Ty nie wiesz dlaczego ta dziewczyna Ci się podoba. Dusza wie. Kiedyś byliście razem to łączy. Może jesteście bliźniczymi duszami? kto to wie... ale kiedyś były i były kłopoty, teraz boi się dusza by nie powtórzyło się to. Po prostu twoja dusza (podświadomość) boi się. Nie poradzę nic na to jak pokonać ten strach. Może trochę zrozumienie problemu pomoże..."

 

link do tego wątku:

http://www.ezoforum.pl/potega-podswiadomosci-i-pozytywne-myslenie/29172-podswiadomosc.html

Odnośnik do komentarza
Udostępnij na innych stronach

;-] ciekawe - akurat niesmialosc to jak najbardziej moja przypadlosc i jest to uciazliwe ...raz bardziej mi doskwiera innym staje sie smialy tylko na chwilke ... ciekawe podejscie ze to inne zywoty na to wplywaja zawsze przyczyny bardziej szukalem w dziecinstwie choc juz jako dziecko w sumie to mialem.moja dusza tez cos wie tyle ze narazie milczy lub nie rospoznaje znakow... ogolnie twoje przekonanie o reinkarnacji jest godne uwagi.

Odnośnik do komentarza
Udostępnij na innych stronach

Jak się ma poprzednie życie, do obecnego, jak wpływa? Fragment mojego postu na innym wątku:

"...Nieśmiałość wynika z obciążeń karmicznych. To nie jest przypadłość nastolatków. To ciągnie się z poprzedniego życia, lub jeszcze wcześniejszego żywota.

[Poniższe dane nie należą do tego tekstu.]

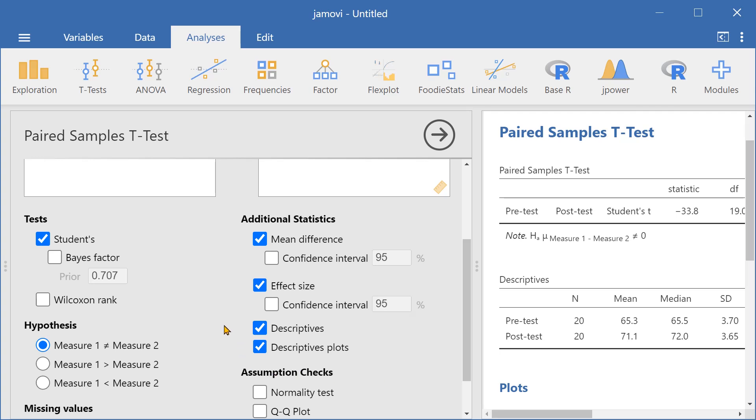Let's set our hypothesis to check whether the test scores after the program was completed were higher than before the program.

Zacząć trzeba od tego, że żyjemy wiele razy. Może niektórzy zastanawiają się czy reinkarnacja jest możliwa, ja nie to jest dla mnie pewne. Taka różnica.

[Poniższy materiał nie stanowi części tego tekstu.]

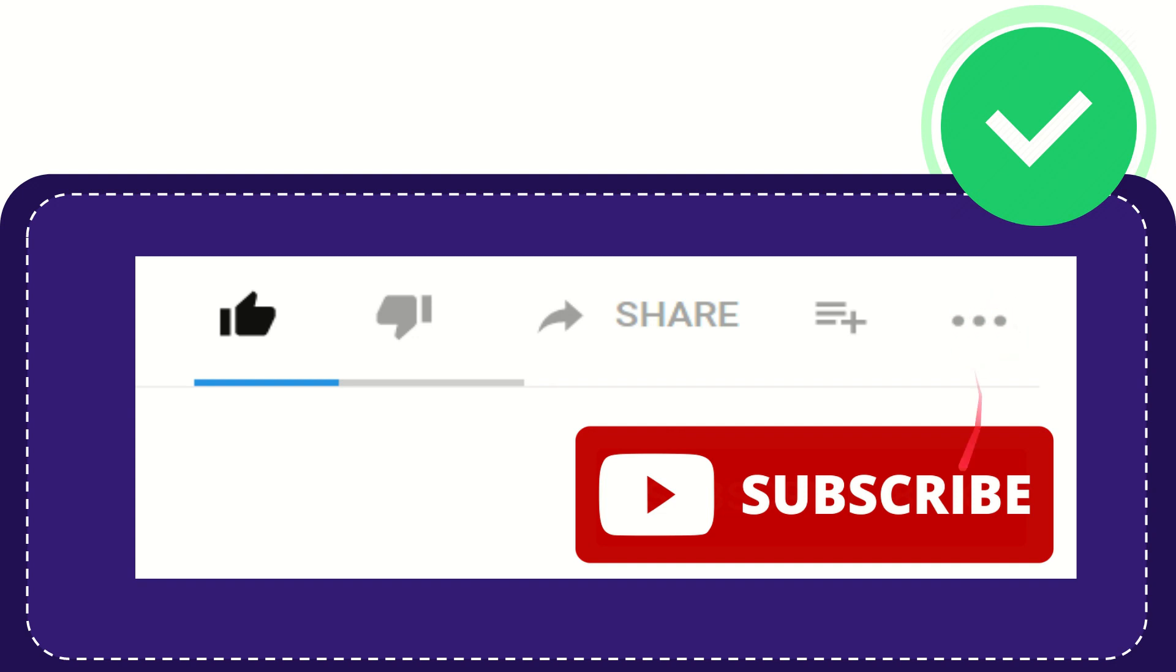And yeah don't forget to subscribe. I think that's all of it. Thank you so much for watching this video and see you again in another video. Bye bye. See you again.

Dla przykładu kiedyś dawno, w poprzednim życu ktoś poznał super dziewczynę/kobietę, ale doznał zawodu miłosnego po prostu ucierpiał na tym. To taki "kac" karmiczny. Nie pamiętamy w momencie narodzin kim byliśmy, ale dusza wie. Coś nas ciągnie to tej dziewczyny tej "super idealnej". Ona/on jest rewelacyjna/rewelacyjny. Ideał. Tylko... Gdy staniesz przed Nią/Nim ogarnia twoją duszę strach. Najzwyklejszy paraliżujący strach.

Ty nie wiesz dlaczego ta dziewczyna Ci się podoba. Dusza wie. Kiedyś byliście razem to łączy. Może jesteście bliźniczymi duszami? kto to wie... ale kiedyś były i były kłopoty, teraz boi się dusza by nie powtórzyło się to. Po prostu twoja dusza (podświadomość) boi się. Nie poradzę nic na to jak pokonać ten strach. Może trochę zrozumienie problemu pomoże..."

 

Wiesz - moim zdaniem to jest już nie tyle teoria co spekulacja. Może najpierw trzeba by sprawdzić dokładnie co przeżyłeś w tym życiu -- doświadczenia, programiki od rodziców, rodzeństwa, kolegów, nauczycieli, mediów itd. Więc jeśli uda Ci się to oczyścić to wtedy możemy porozmawiać czy JEST COŚ JESZCZE.. ok? :P

 

Karma w wersji Njuejdż mnie osobiście wygląda na próbę zrzucenia wszelkiej odpowiedzialności na jakiś zewnętrzny czynnik. Czyli - "nie potrafię znaleźć dziewczyny - nie dlatego że jestem zakompleksionym, nudnym i tępym szczeniakiem tylko dlatego że w poprzednim życiu byłem mnichem" :P

Zresztą duża cześć Njuejdżu to pożywka dla ludzi bez sensu i celu w życiu - jakieś księżniczki Atlantydy, dzieci indyka, medytacje o przemianę wibracji na 2012....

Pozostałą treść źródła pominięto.